Mais Niandra, je ne comprends pas exactement ton problème, as-tu comme J. Daik un seul écouteur fonctionnant sur les deux? Ou as-tu un problème genre un "grésillement"? J'ai ce pb avec mes écouteurs d'Ipod Touch. Mais je pense que le pb provient des écouteurs dans mon cas, et pas de l'Ipod. 
Bon courage à vous deux.


----------



## niandra (24 Juin 2010)

Désolée j'avais pas vu vos réponses... MERCI MERCI MERCI J.Daik pour ton récit!!! ENFIN j'ai cru que j'étais folle!!! Et bien non josé17 j'ai exactement le même problème que J.Daik... un seul écouteur fonctionnait sur deux, et si je bougeais un peu le connecteur ça fonctionnait parfois, parfois pas... Ben j'en ai un nouveau maintenant mais bon... jusqu'à quand..

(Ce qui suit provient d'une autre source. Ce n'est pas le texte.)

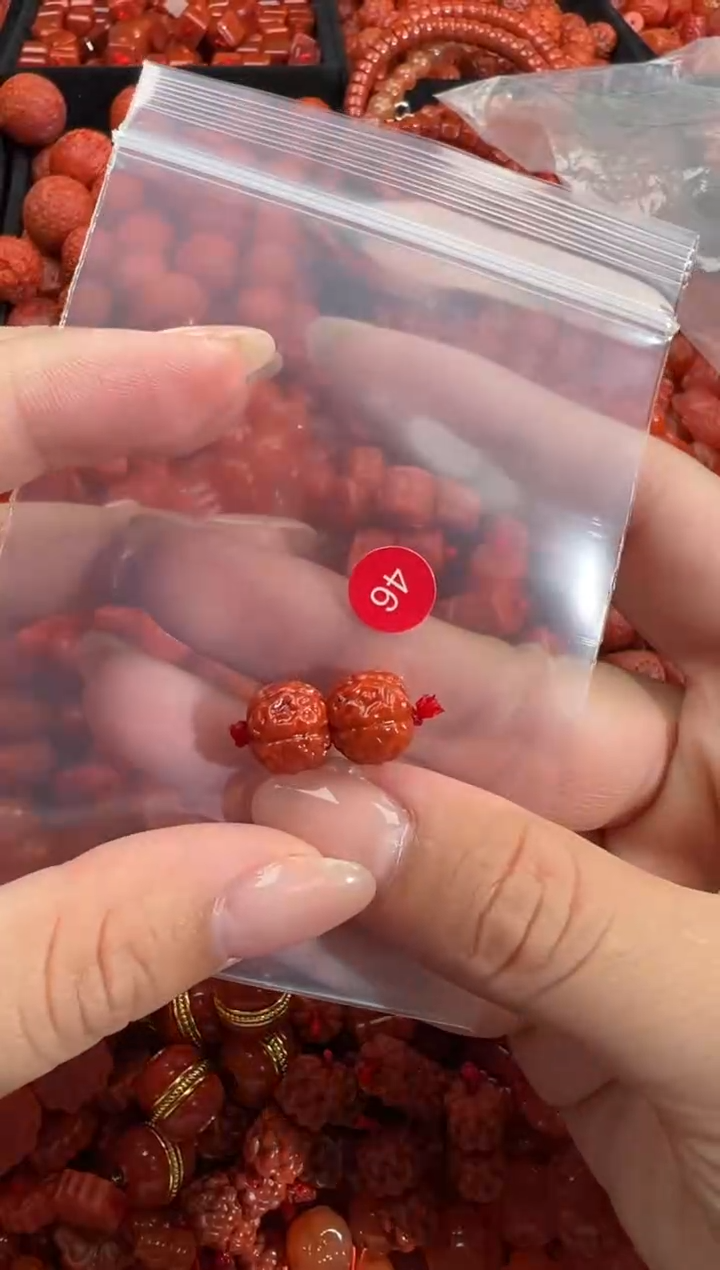 南红玛瑙未镶嵌颈饰1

Enfin je pense quand même que mes écouteurs y sont pour quelque chose... je pense qu'ils usaient la sortie audio plus que les merdes que donne apple avec l'ipod... donc voilà j'ai acheté des écouteurs un peu moins merdique et ou la prise jack est moins "grande". Je sais pas si je me fais comprendre? Désolée c'est dur à expliquer


----------